Rashid said DHL Supply Chain used to take at least a full 40 hours to onboard a new employee, but because robotics has replaced many complicated tasks, training time is significantly reduced.
“Now it can be done in a matter of hours, so the ease of training and learning how to interact with the automation has been a big game-changer,” Rashid said. “And taking away the difficult parts of their jobs, not having to walk miles a day to select items, not having to worry about lifting heavy items anymore — the work has become easier and that’s a value-add.”
According to Stock, Geodis is using a system from Locus Robotics that simplifies training by making the automation more intuitive to each worker.

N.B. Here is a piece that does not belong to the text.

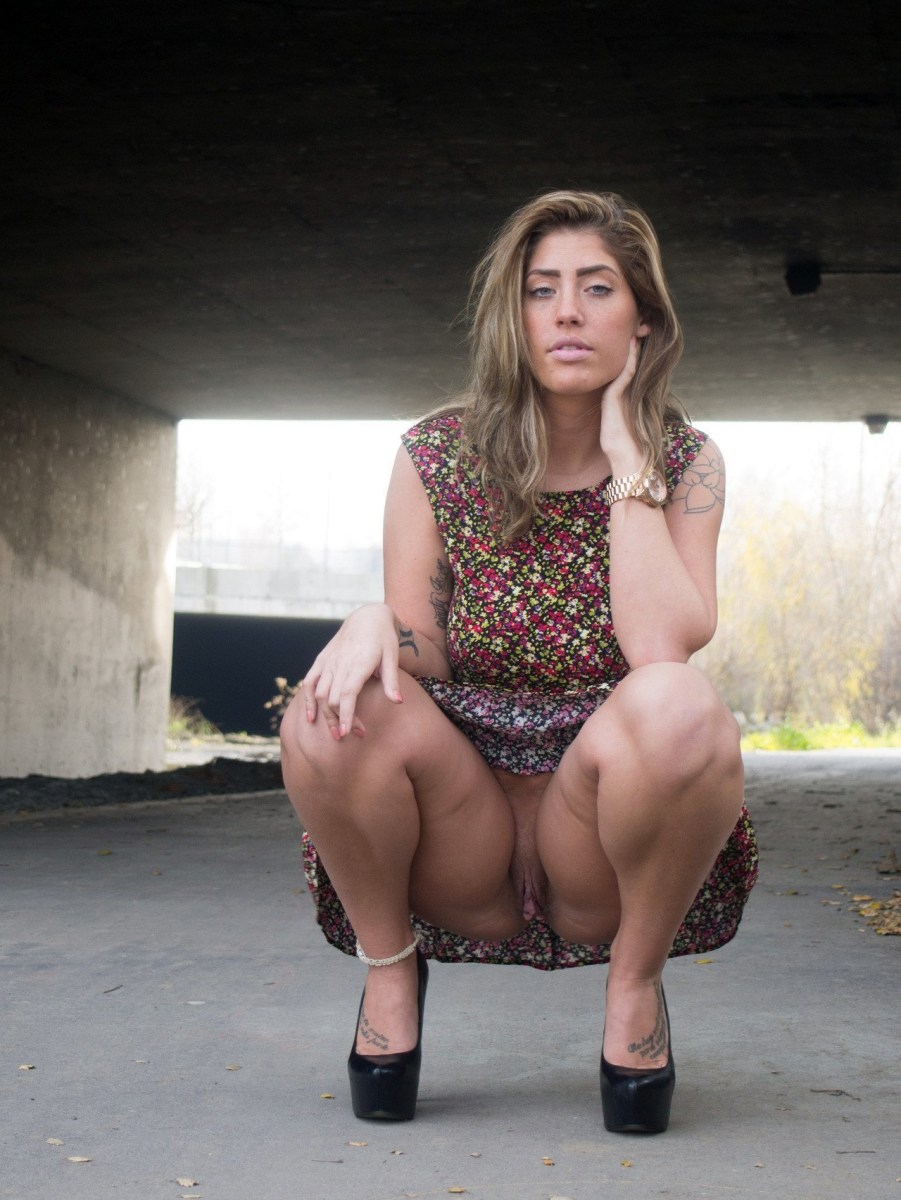 Красивые девушки без трусиков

“Locus Robotics has a user-friendly interface that has the ability to recognize an employee’s identity via their badge and display text in their native language,” Stock said. “This has an incredible benefit for reducing teammate training time.”
Providers contend that high-level automation enhances worker productivity and efficiency. (Ryder System Inc.)
Although robots don’t present disciplinary issues, they can be susceptible to mechanical failures. Warehouse operators and technology providers said they deploy a number of protocols to mitigate the risk of automation failures, some of which include modular designs that prevent a single machine failure from becoming a systemwide breakdown.
“What we offer is pretty much eliminating any single point of failure,” DeFiesta said. “Think about a fixed infrastructure system like a conveyor system, and what happens if it goes down. Compare that to a system that has 100 bots. If I have one bot go down, I’m only down one bot.”
And while they’re not paid labor, robots still take a considerable amount of time to pay for themselves. The industry hopes the residual benefits along the way make the ROI worth the wait.
In the case of GXO, an employee worked with a technology provider to develop an AI-based tool that would oversee the automation. Problems like a hanging piece of plastic, which might have sent a robot into shutdown mode, are now addressed automatically through the AI tool.
“This teammate put this in place and it drove 42 minutes of extra up-time for the automation per day,” Shelton said. “That’s massive.”